Podczas przerwy reprezentacyjnej Stelmet BC Zielona Góra trenował bez trzech zawodników: Łukasza Koszarka, Przemysława Zamojskiego i Filipa Matczaka. W tym czasie drużyna prowadzona przez Artura Gronka pracowała nad udoskonaleniem swojej gry. Sprawdzianem był sparing z niemieckim Mitteldeutscher BC, który mistrzowie Polski przegrali 87:104. - Nie ma się co oszukiwać, że straciliśmy sporo punktów. Na pewno nie zagraliśmy na takim poziomie, na jakim powinniśmy. Trzeba to spotkanie przeanalizować i przygotowywać się do meczów o punkty. To był tylko sparing. Chcieliśmy wygrać, ale się nie udało. Przed nami trudny okres grudniowy - przyznał w rozmowie z Radiem Zielona Góra Filipi Matczak.

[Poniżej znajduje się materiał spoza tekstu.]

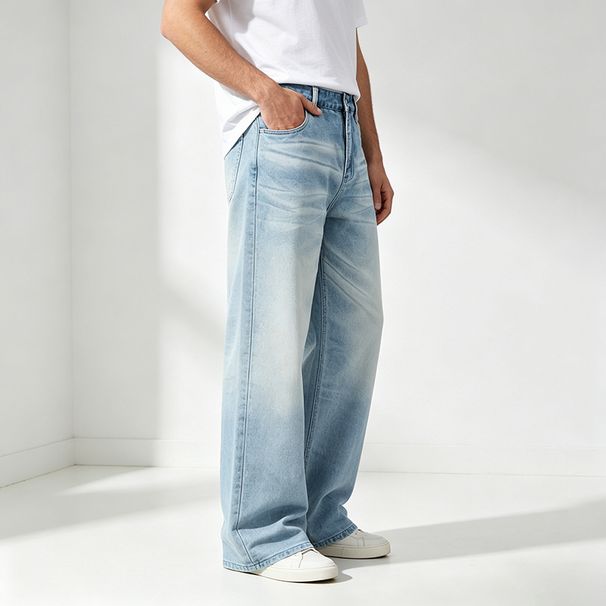 Men's Classic Straight-Leg Jeans – Vintage Washed Denim With Cat Whiskers, All-Season Stretch Comfort (Minimalist, Timeless, Versatile)_mkmklike.com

Zielonogórzan czeka niezwykle ważny miesiąc, jeśli chodzi o ich przyszłość w Lidze Mistrzów. Jeśli w grudniu ustrzegą się wpadek, wykonają spory krok w kierunku awansu do kolejnej fazy Basketball Champions League. - Mamy przed sobą dwa bardzo ważne mecze u siebie. Najpierw z CEZ Nymburk, który ostatnio wzmocnił się Dardanem Berishą, a później przyjedzie Aris Saloniki. Chcielibyśmy wygrać oba spotkania, by poprawić nasz bilans i optymistycznie patrzyć w przyszłość i awans - skomentował rzucający.
Przed przerwą reprezentacyjną Matczak spędzał na parkiecie mniej minut niż na początku tego sezonu. 24-latek w najbliższym czasie będzie chciał udowodnić swoją przydatność dla zespołu. - Nie był to dla mnie łatwy okres, ale w życiu są wzloty i upadki. Ja zaliczyłem upadek. Przede mną grudzień, w który na pewno wejdę dobrze i będę grał na takim poziomie, na jakim powinienem. Trzeba robić swoje. Dobrze wiem, że potrafię grać w koszykówkę i to udowodnię - dodał Matczak.